A couple of minutes ago I just nodded off with my head leaning on my hand and my elbow slipped and I almost planted my face on the keyboard. That could have been disastrous. If the keyboard had gotten broken I'd have been unable to finish this entry, and then I'd never have known what became of me. It's bad enough that my browser (Opera) updated last night and now it's so slow that it's been like using Internet Explorer with Windows 98 on dialup. Why do they keep breaking things by fixing them? And who the hell are They? And why don't they just leave me and my browser alone? We are fine! Just as we are!

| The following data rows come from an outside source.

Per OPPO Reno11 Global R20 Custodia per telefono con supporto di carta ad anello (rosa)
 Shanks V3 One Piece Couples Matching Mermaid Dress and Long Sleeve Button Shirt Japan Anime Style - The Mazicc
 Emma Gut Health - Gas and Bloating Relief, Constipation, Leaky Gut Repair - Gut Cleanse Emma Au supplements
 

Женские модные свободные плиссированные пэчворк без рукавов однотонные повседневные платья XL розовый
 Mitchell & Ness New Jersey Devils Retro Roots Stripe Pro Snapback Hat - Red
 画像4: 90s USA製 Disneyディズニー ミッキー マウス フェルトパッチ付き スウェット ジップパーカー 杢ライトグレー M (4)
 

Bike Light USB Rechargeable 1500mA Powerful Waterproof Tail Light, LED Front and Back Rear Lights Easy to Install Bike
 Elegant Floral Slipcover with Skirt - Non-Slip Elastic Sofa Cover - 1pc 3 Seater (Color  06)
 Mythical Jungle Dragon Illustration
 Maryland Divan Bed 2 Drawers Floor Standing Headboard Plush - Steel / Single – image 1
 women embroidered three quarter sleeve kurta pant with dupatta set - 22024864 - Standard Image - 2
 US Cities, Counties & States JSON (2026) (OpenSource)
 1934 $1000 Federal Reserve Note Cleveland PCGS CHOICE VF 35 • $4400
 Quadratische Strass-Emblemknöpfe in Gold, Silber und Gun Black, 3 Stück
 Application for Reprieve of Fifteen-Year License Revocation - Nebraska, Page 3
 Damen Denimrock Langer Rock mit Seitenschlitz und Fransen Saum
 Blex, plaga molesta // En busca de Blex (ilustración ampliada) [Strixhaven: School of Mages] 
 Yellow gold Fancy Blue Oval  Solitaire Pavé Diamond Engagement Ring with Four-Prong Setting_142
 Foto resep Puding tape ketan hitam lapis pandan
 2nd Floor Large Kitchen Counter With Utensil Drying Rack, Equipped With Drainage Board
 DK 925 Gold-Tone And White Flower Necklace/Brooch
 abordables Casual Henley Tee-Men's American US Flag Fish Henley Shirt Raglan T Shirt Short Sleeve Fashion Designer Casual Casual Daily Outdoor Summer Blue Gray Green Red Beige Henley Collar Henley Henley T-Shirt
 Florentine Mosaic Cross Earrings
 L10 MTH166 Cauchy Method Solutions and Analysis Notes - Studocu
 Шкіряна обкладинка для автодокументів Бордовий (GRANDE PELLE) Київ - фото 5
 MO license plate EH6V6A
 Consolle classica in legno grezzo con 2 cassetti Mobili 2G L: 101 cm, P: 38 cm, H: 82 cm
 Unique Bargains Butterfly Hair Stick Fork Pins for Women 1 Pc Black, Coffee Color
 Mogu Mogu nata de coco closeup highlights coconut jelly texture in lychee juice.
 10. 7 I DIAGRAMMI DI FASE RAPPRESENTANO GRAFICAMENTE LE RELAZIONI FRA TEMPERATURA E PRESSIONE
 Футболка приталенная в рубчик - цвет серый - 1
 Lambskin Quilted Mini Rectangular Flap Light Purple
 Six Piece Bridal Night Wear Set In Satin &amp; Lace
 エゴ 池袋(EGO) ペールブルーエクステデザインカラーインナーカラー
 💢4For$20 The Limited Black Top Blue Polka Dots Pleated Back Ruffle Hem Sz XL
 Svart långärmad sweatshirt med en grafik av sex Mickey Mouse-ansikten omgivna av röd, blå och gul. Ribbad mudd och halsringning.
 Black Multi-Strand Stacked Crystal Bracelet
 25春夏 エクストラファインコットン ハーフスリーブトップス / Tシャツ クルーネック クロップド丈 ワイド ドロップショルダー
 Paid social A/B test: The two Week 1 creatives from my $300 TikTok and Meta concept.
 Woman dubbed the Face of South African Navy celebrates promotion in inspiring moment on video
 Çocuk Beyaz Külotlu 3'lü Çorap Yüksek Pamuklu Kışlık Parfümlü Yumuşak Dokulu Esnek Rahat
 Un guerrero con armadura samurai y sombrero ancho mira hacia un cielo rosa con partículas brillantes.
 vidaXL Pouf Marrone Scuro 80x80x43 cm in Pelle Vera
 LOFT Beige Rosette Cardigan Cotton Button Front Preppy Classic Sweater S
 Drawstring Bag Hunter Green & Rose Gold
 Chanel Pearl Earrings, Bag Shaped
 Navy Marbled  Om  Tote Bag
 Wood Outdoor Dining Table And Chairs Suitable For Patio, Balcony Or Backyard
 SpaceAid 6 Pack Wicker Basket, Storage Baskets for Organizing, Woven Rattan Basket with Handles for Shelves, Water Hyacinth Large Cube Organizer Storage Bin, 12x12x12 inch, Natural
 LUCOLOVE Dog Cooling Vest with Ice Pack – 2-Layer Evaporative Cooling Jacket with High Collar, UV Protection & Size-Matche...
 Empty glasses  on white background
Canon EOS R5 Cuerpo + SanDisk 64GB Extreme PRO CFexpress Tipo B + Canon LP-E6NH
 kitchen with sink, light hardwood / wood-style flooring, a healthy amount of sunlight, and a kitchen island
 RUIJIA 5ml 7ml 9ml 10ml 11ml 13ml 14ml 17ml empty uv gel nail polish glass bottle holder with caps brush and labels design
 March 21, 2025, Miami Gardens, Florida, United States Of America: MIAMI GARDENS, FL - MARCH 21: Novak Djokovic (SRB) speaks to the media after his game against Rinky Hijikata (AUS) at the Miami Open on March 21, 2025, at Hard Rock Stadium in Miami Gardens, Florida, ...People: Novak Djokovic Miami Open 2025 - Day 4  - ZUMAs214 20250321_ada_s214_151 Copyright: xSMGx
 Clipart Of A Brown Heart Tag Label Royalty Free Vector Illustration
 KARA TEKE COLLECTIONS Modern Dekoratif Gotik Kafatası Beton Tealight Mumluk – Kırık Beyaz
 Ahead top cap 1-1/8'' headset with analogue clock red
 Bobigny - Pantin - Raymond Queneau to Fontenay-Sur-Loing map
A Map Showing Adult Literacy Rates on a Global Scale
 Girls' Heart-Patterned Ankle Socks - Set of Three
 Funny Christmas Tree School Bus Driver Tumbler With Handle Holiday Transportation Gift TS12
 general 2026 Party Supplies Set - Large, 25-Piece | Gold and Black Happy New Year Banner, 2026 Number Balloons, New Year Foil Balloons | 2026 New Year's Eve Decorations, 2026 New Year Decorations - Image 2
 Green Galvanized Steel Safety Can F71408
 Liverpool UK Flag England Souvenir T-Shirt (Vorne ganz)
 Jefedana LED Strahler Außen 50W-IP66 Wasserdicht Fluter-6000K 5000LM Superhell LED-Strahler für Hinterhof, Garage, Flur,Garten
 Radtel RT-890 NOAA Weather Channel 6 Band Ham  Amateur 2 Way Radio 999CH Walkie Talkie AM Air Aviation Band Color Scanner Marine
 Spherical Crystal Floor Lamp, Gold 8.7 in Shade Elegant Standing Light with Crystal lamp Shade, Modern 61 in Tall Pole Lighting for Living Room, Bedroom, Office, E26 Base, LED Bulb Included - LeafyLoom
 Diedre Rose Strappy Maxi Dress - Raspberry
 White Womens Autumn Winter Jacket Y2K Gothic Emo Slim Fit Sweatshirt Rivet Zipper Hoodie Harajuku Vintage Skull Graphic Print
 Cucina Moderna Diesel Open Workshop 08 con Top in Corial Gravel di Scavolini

Where was I? Oh, I didn't feel like fixing what I'd planned on having for dinner so I made a box of macaroni and cheese, and ate the whole damned thing, without a vegetable or even a salad. I even put extra real cheese in it, so I'm stuffed and feel bloated. I hope it doesn't interfere with my sleep, which I want to have more of again soon. Eleven or twelve straight hours being awake doesn't agree with me anymore.

My legs now sometimes disagree with me too. They think they should not have to carry my weight around, and complain loudly when I make them do it. Oddly, it's my voice they complain with. Distressed and Distressing words come from my mouth as I hobble from place to place. Too bad I forgot how to sing after I was a kid. It would have been more interesting as music.